Later, a group of white theater patrons attend a performance by the troupe. First they are forced to eat soul food. The white audience is then subjected to wearing shoe polish on their faces, while the African American actors sport whiteface and terrorize the people in blackface. The white audience members attempt to escape from the building and are ambushed in the elevator by the troupe. As two of the black actors rape one of the white audience members, Robert De Niro arrives as an actor playing an NYPD policeman, and arrests members of the white audience under the pretense that they are black. The entire sequence plays with natural sound, is acted to appear unrehearsed, and apart from several cuts plays in "real time". De Palma's familiarity and collaboration with experimental theatre informs the sequence and exerts considerable emotional impact upon viewers, simultaneously engaging their personal responses to racism and commenting on the deceptive and manipulative power of cinema. "If truth itself is plastic," the sequence asks, "then filmed truth is deeply flawed."

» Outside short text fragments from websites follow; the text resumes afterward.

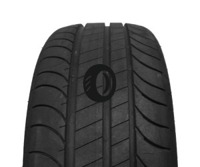 Foto pneumatico: BRIDGESTONE, TURANZA ECO ENLITEN 205/50 R19 94H Estive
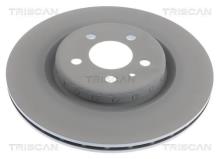Triscan A/S 8120 81006C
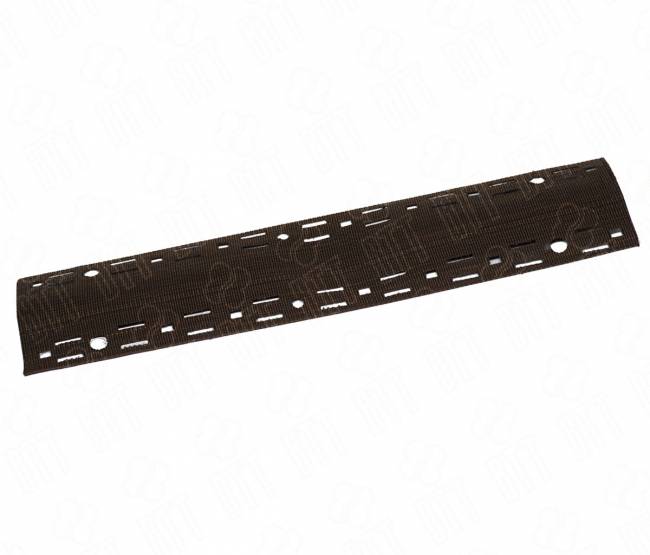 Тканевая накладка прижимной планки фьюзера FK-1150 для Kyocera P2235/2040 (совм) — для бизнеса и офиса Тканевая накладка прижимной планки фьюзера FK-1150 для Kyocera P2235/2040 (совм) — для бизнеса и офиса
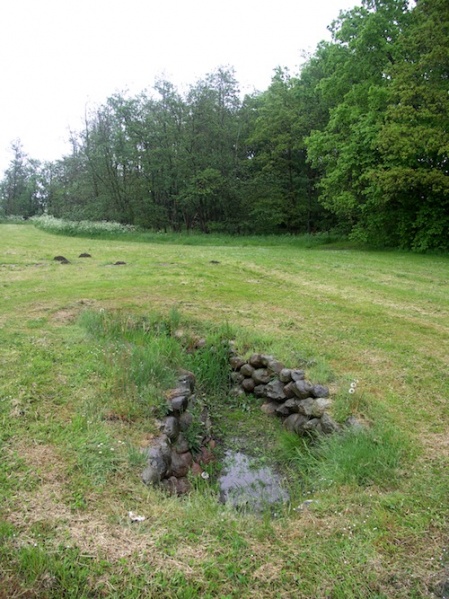 Fil:Jernalderkældrene 3.jpg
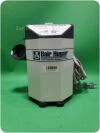 ARIZANT HEALTHCARE Bair Hugger 505 Patient Warmer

Be Black, Baby remains one of the most challenging and intriguing sequences from its era, and its use of an audience's willingness to become emotional accomplices provides insight into De Palma's subsequent career as a film director.
MPAA rating board
According to the book The Movie Rating Game by Stephen Farber (Public Affairs Press, 1972), the film was originally given an "X" rating by the MPAA, but after a few minor trims, it was approved for an R. The main cut occurred during the scene where Gerrit Graham paints his entire body for the Be Black, Baby performance. He hesitated for a moment about painting his penis, and then finally finished the job. The actual painting of the penis was deleted to get the R. (The first film, Greetings, was released with an X after losing an appeal to change it to an R.)
The movie introduced Jennifer Salt (after she made a cameo in Midnight Cowboy) and Charles Durning. Both actors later worked with DePalma on his suspense thriller Sisters. Appearing in a supporting role was Paul Bartel, who later moved from acting to directing. He directed films such as Eating Raoul and Scenes from the Class Struggle in Beverly Hills.